▶ **TASK**
Start with the first line of the data and end with the line that holds "Set of 6 flags of equatorial guinea"; write out each one exactly.
** RECORDS SHOWN follows **
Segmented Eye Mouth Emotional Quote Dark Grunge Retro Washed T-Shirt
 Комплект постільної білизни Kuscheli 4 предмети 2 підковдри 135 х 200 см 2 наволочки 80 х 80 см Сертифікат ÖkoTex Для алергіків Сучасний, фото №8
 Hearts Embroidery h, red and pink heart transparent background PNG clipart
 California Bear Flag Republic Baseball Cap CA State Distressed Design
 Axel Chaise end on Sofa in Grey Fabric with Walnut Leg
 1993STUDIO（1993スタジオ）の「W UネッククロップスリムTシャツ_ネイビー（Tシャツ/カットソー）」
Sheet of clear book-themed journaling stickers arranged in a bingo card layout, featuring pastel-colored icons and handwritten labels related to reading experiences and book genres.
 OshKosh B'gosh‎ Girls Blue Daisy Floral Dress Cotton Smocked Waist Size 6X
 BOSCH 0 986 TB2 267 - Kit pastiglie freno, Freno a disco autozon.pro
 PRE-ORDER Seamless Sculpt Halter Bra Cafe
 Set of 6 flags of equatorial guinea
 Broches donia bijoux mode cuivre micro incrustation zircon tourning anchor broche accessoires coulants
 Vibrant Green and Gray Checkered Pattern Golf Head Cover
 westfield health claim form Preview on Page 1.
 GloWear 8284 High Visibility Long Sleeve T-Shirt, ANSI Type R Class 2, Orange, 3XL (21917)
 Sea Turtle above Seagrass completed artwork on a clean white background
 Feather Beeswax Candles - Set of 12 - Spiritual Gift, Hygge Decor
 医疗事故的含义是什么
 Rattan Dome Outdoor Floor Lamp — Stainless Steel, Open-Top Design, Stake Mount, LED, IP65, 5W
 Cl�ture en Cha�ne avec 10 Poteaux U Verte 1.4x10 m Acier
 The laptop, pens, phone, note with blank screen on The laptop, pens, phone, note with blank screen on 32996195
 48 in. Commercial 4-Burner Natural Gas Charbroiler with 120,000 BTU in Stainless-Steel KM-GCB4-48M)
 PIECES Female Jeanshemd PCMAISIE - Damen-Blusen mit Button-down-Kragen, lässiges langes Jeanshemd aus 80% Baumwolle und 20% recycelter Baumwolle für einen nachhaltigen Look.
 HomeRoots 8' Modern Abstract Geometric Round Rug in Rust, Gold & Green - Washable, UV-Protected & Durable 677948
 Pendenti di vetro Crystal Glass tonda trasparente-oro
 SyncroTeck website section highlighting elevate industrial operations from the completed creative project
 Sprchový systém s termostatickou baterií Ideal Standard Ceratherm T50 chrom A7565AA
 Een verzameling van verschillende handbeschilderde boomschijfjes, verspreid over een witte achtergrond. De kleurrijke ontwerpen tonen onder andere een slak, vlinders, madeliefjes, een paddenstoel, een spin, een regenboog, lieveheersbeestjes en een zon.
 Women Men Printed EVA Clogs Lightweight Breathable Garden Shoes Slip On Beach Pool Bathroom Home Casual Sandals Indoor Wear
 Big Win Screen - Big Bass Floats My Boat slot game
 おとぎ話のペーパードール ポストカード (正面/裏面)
** End of RECORDS SHOWN **
▶ **ANSWER BOX**
Segmented Eye Mouth Emotional Quote Dark Grunge Retro Washed T-Shirt
 Комплект постільної білизни Kuscheli 4 предмети 2 підковдри 135 х 200 см 2 наволочки 80 х 80 см Сертифікат ÖkoTex Для алергіків Сучасний, фото №8
 Hearts Embroidery h, red and pink heart transparent background PNG clipart
 California Bear Flag Republic Baseball Cap CA State Distressed Design
 Axel Chaise end on Sofa in Grey Fabric with Walnut Leg
 1993STUDIO（1993スタジオ）の「W UネッククロップスリムTシャツ_ネイビー（Tシャツ/カットソー）」
Sheet of clear book-themed journaling stickers arranged in a bingo card layout, featuring pastel-colored icons and handwritten labels related to reading experiences and book genres.
 OshKosh B'gosh‎ Girls Blue Daisy Floral Dress Cotton Smocked Waist Size 6X
 BOSCH 0 986 TB2 267 - Kit pastiglie freno, Freno a disco autozon.pro
 PRE-ORDER Seamless Sculpt Halter Bra Cafe
 Set of 6 flags of equatorial guinea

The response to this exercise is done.